Contrasting Rates of Molecular Evolution and Patterns of Selection among Gymnosperms and Flowering Plants

Abstract

The majority of variation in rates of molecular evolution among seed plants remains both unexplored and unexplained. Although some attention has been given to flowering plants, reports of molecular evolutionary rates for their sister plant clade (gymnosperms) are scarce, and to our knowledge differences in molecular evolution among seed plant clades have never been tested in a phylogenetic framework. Angiosperms and gymnosperms differ in a number of features, of which contrasting reproductive biology, life spans, and population sizes are the most prominent. The highly conserved morphology of gymnosperms evidenced by similarity of extant species to fossil records and the high levels of macrosynteny at the genomic level have led scientists to believe that gymnosperms are slow-evolving plants, although some studies have offered contradictory results. Here, we used 31,968 nucleotide sites obtained from orthologous genes across a wide taxonomic sampling that includes representatives of most conifers, cycads, ginkgo, and many angiosperms with a sequenced genome.

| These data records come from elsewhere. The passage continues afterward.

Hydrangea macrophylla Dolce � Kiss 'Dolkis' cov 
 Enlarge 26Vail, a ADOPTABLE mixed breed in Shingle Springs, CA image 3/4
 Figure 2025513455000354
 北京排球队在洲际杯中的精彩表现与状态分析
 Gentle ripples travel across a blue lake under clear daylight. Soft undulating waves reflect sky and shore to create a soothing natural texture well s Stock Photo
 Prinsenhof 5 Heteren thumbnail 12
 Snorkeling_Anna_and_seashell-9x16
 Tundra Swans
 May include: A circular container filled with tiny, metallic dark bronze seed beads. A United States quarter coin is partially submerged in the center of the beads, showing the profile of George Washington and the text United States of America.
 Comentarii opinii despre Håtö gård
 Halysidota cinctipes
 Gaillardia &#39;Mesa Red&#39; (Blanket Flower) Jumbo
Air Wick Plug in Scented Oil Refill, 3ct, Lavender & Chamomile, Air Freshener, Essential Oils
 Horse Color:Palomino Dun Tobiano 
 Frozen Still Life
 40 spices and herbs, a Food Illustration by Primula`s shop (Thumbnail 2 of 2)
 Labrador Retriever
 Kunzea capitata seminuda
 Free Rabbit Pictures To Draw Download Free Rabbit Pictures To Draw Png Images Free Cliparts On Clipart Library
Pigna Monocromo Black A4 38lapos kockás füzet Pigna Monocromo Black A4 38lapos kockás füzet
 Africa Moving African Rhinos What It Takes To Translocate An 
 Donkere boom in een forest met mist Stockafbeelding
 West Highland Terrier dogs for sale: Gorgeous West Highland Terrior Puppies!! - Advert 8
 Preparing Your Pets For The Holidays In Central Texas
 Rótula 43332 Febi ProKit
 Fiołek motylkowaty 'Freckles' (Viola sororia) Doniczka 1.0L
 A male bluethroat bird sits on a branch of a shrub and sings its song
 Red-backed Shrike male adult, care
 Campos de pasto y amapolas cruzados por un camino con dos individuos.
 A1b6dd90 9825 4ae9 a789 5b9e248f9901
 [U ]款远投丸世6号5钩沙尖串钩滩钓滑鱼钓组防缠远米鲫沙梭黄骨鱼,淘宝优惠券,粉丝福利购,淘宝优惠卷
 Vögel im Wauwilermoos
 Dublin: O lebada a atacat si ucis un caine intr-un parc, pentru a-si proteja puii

Our results suggest that angiosperms and gymnosperms differ considerably in their rates of molecular evolution per unit time, with gymnosperm rates being, on average, seven times lower than angiosperm species. Longer generation times and larger genome sizes are some of the factors explaining the slow rates of molecular evolution found in gymnosperms. In contrast to their slow rates of molecular evolution, gymnosperms possess higher substitution rate ratios than angiosperm taxa. Finally, our study suggests stronger and more efficient purifying and diversifying selection in gymnosperm than in angiosperm species, probably in relation to larger effective population sizes.

Keywords: angiosperms; gymnosperms; life-history traits; mutation; selection; substitution rates.

Fig. 1.

Phylogenetic tree obtained from a concatenated alignment of 42 single-copy genes and 66 species distributed between two main seed plant lineages (angiosperms in green, gymnosperms in blue, and outgroup in black) inferred by RAxML. Stem branches for angiosperms and gymnosperms were used for model testing using the branch models implemented in codeml. Results of the model testing can be found in table 2.

Fig. 2.

(A) Boxplots showing differences in number of synonymous substitutions (dS), nonsynonymous substitutions (dN), absolute rate of silent-site divergence (μ), and substitution rate ratio (ω), among life forms defined as angiosperms herbs (green), angiosperms shrub/trees (light green), and gymnosperms (blue). Results of the statistical tests of comparisons among groups can be found in supplementary table S6, Supplementary Material Online. (B) Proportion of sites under negative selection, when all sites are evaluated (top left), when S < –15 (top right), and when S > –15 (bottom left); and proportion of sites under positive selection (bottom right). Green boxes represent angiosperm species, and blue boxes, gymnosperms. (C) Distribution of the selection coefficient (f(S)) of new mutations. It was calculated for all species in each taxonomic family studied, assuming a gamma distribution of ω among sites. Parameter estimates α and β were obtained from running the site model 5 in codeml (PAML) using a concatenated alignment of 29,000–31,000 sites per taxonomic family. Selection coefficients were then obtained replacing α and β in equation 1. Green dotted vertical lines are used to show the distribution of f(S) when S ≈ 0 and ω = 1 (neutrality). Taxonomic families containing less than 5 species were not analyzed due to difficulties in constructing the phylogenetic trees in RaxML.